__What to do__.
Transcribe, starting at the line with "Lone Star area." and ending at the line with "Jost Falett aus", every line of the material below exactly, but leave out the pictures and anything outside that span.

__Entries supplied__.
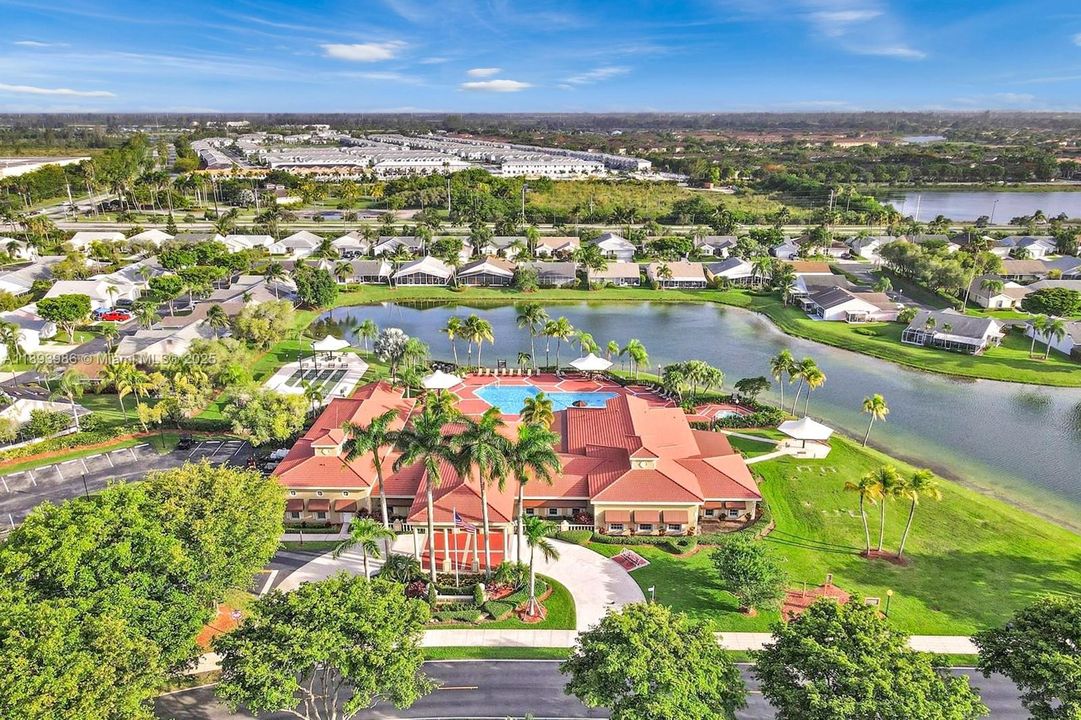 En Venta: $700,000 (4 camas, 3 baños, 2578 Pies cuadrados)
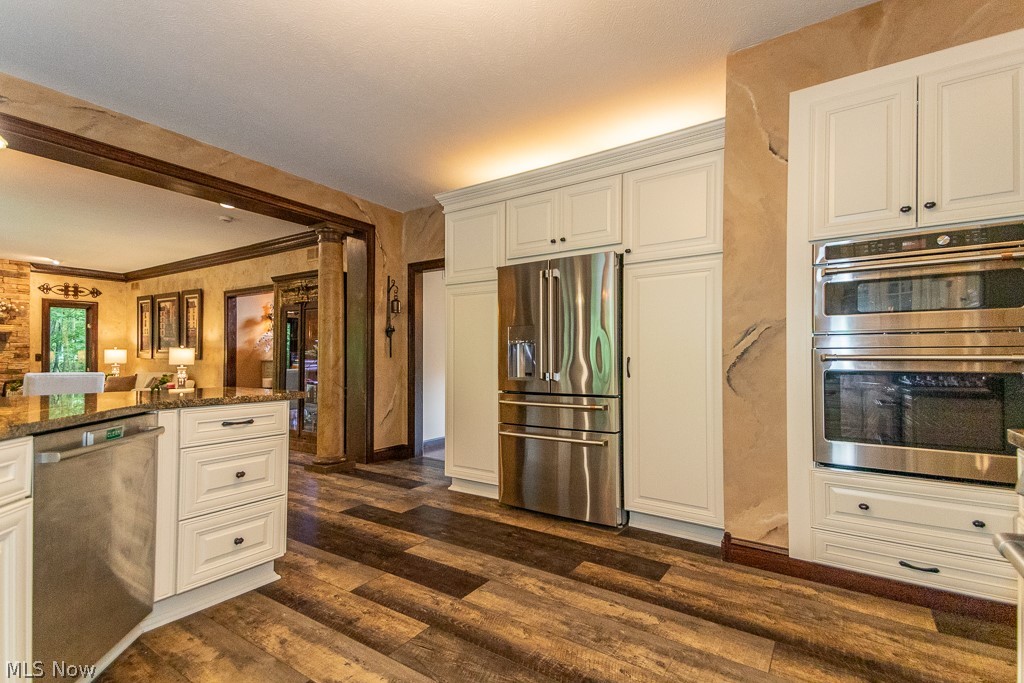 8200 Sheltered Cove Mentor OH 44060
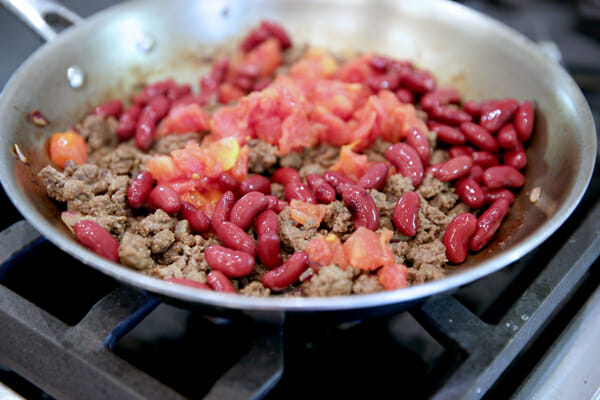 Ground beef with tomatoes and beans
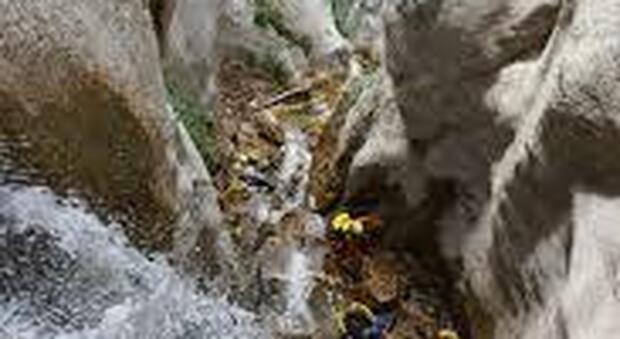 Escursione fino alla cascata, donna cade sulla roccia: è grave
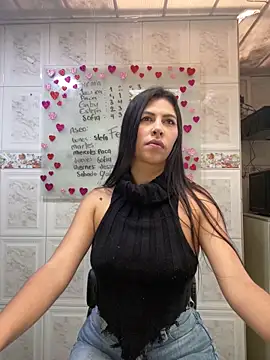 Snapshot of Alanna_atm_ chatting on 27, 1, 2025 Alanna atm  online show from 27, 1, 2025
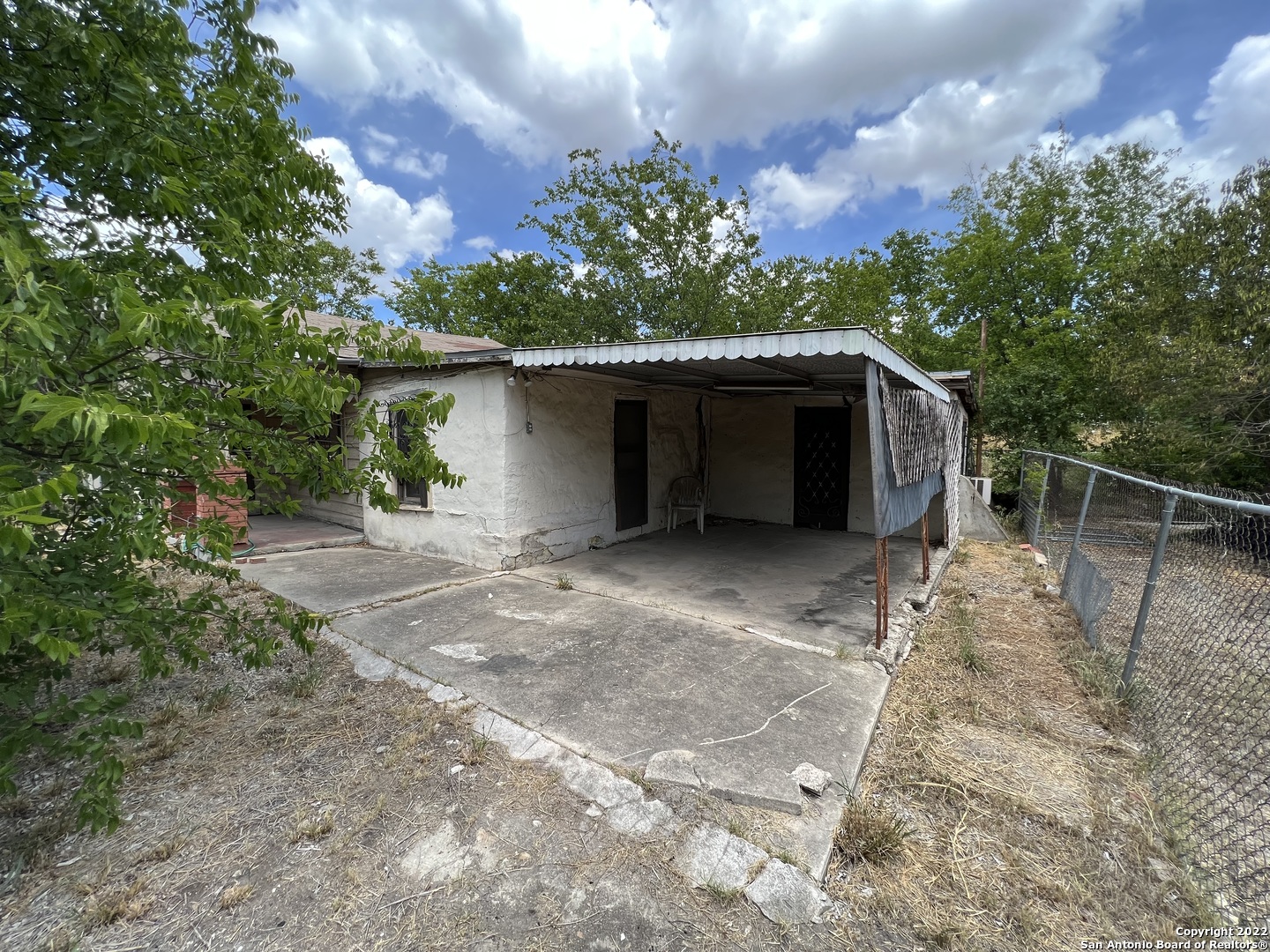 Lone Star area. Walk to shops on S Flores and walk to King William area. Centrally located. Home needs to be rehabilitated but perfect for right buyer.
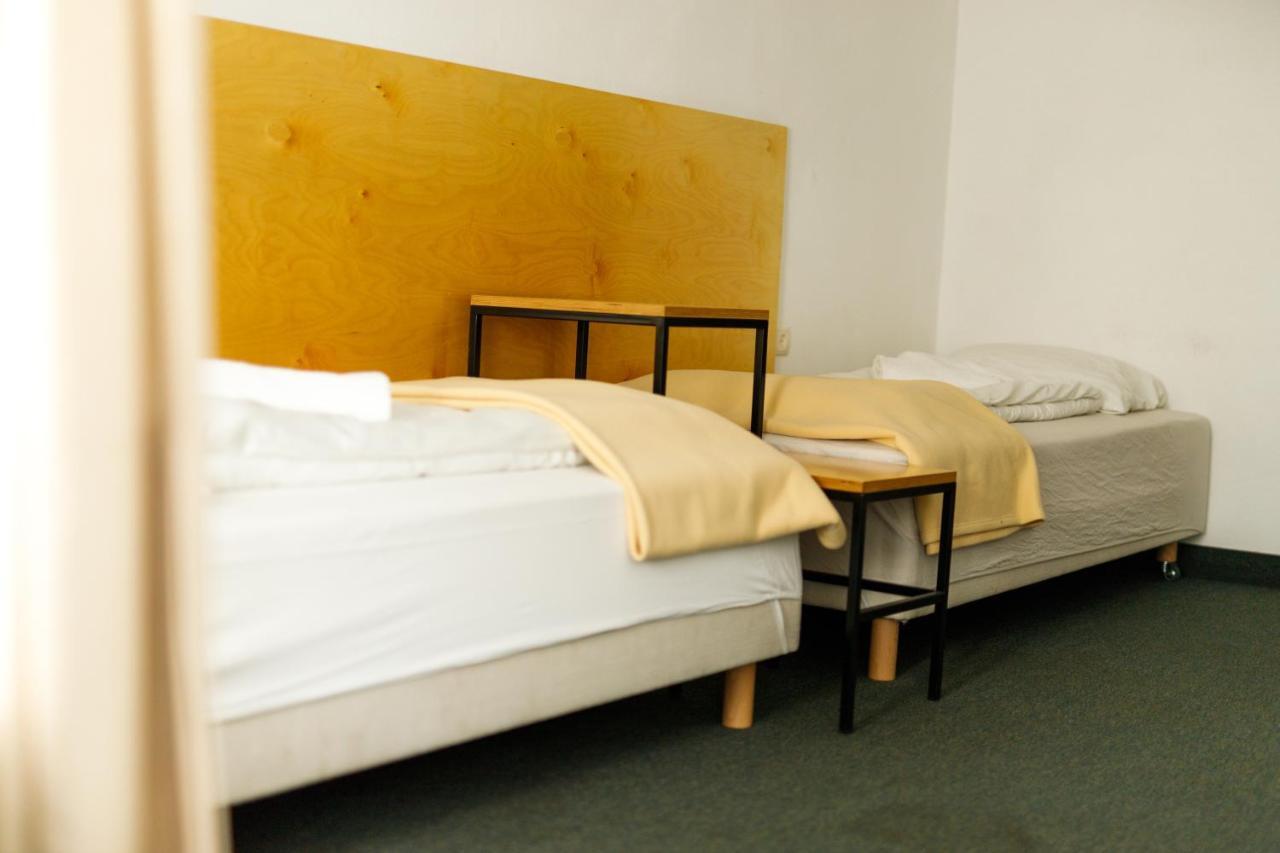 Kaskada Hotel Познань Экстерьер фото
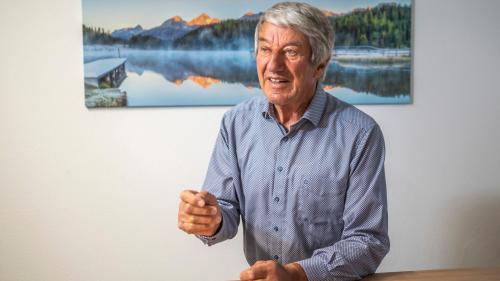 Jost Falett aus Bever gilt als engagierte Stimme, wenn es um Landschaftsschutzfragen geht. Morgen Freitag tritt er nach neun Jahren an der Spitze der Pro Lej da Segl ab. 
Foto: Daniel Zaugg 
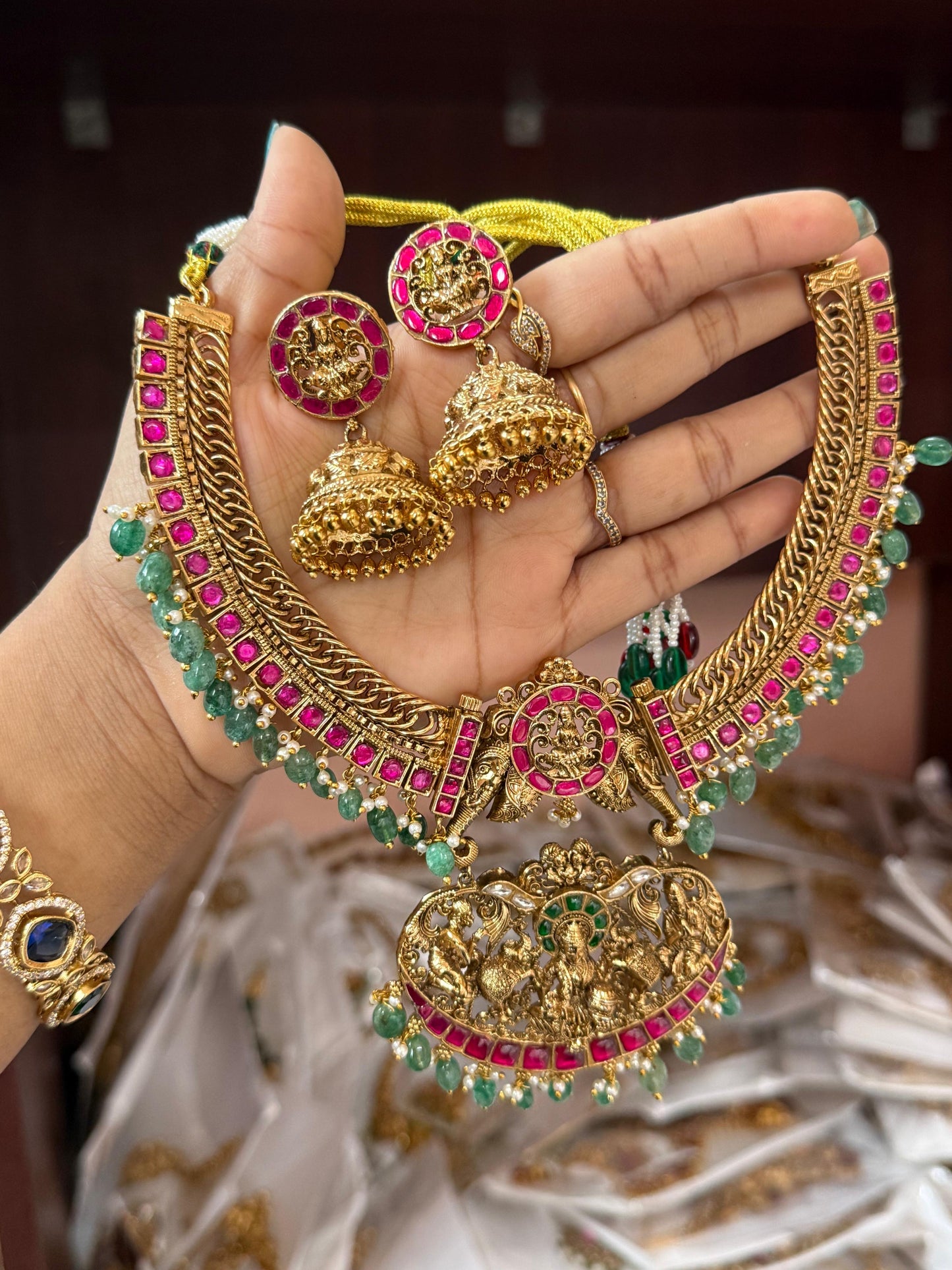 Jadau necklace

__Solution__.
 Lone Star area. Walk to shops on S Flores and walk to King William area. Centrally located. Home needs to be rehabilitated but perfect for right buyer.
 Kaskada Hotel Познань Экстерьер фото
 Jost Falett aus Bever gilt als engagierte Stimme, wenn es um Landschaftsschutzfragen geht. Morgen Freitag tritt er nach neun Jahren an der Spitze der Pro Lej da Segl ab. 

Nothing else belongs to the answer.